By Tanya Metaksa
On December 23, 2024, Brian Range received an early Christmas present from the US Court of Appeals for the Third Circuit.
For the second time this year, the Court reaffirmed its prior ruling that the felon-in-possession federal statute, 18 U.S.C. § 922 (g)(1), still does not apply to him in that Circuit.
“Bryan Range appeals the District Court’s summary judgment rejecting his claim that the federal “felon-in-possession” law—18 U.S.C. § 922(g)(1)—violates his Second Amendment right to keep and bear arms. We agree with Range that he remains among “the people” protected by the Second Amendment despite his false statement conviction. And because the Government did not carry its burden of showing that the principles underlying our Nation’s history and tradition of firearm regulation support disarming Range, we will reverse and remand.”
Garland v. Brian Range, in my opinion, is a very significant legal case centered on the Second Amendment rights of individuals, particularly involving the constitutionality of federal prohibitions on firearm possession by individuals with certain federal criminal convictions. It has
This case began in 1995, almost 30 years ago, when Brian Range was convicted of making false statements to obtain $2,458 of food stamp assistance, a misdemeanor under Pennsylvania law that was punishable by up to five years in prison. He was sentenced to three years’ probation, restitution, costs, and fines. Three years later, Range attempted to purchase a firearm but was rejected due to his prior conviction. Subsequently, his wife bought him a hunting rifle. Years later, upon learning that his conviction barred him from possessing firearms under federal law, he sold the rifle and sought legal recourse. In 2020, he challenged the constitutionality of the federal law, 18 U.S.C. § 922(g).
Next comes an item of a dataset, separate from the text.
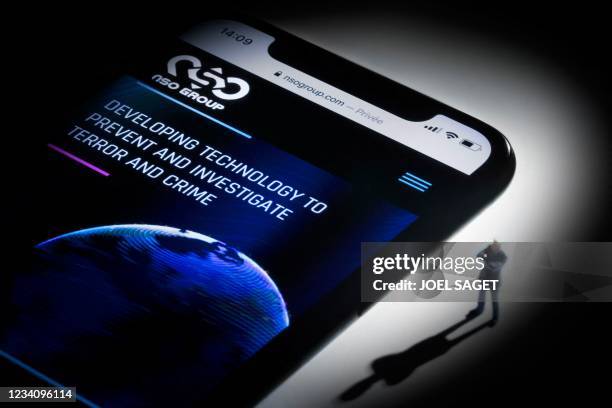 This studio photographic illustration shows a smartphone with the website of Israel's NSO Group which features 'Pegasus' spyware, on display in Paris...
Federal statute 18 U.S.C. § 922(g)(1), which was passed in 1968 as part of the Gun Control Act of 1968, states that it is unlawful for any person who has been convicted in any court of a crime punishable by imprisonment for a term exceeding one year to ship or transport in interstate or foreign commerce any firearm or ammunition or to receive any firearm or ammunition which has been shipped or transported in interstate or foreign commerce. On August 21, 2021, the district court rejected his suit, determining that the Second Amendment did not protect “unvirtuous citizens.” Range then appealed to the US Court of Appeals for the Third Circuit.
On Nov. 16, 2022, The Third Circuit panel affirmed the district court’s decision, concluding that “the people” constitutionally entitled to bear arms are “law-abiding, responsible citizens,” a category that excluded Range due to his conviction.
However, New York State Rifle & Pistol Association v. Bruen was decided by the United States Supreme Court on June 23, 2022. Range then appealed for a rehearing en banc, which was granted, and on Feb. 15, 2023, the US Court of Appeals for the Third Circuit, with many judges of the court in attendance, heard his case again. The decision was rendered on June 6, 2023. The en banc panel reversed the earlier decision, holding that § 922(g)(1) was unconstitutional as applied to Range. The court now determined that the government had not demonstrated that the ban on the possession of firearms was consistent with historical tradition. Thus, Range remained within “the people” protected by the Second Amendment.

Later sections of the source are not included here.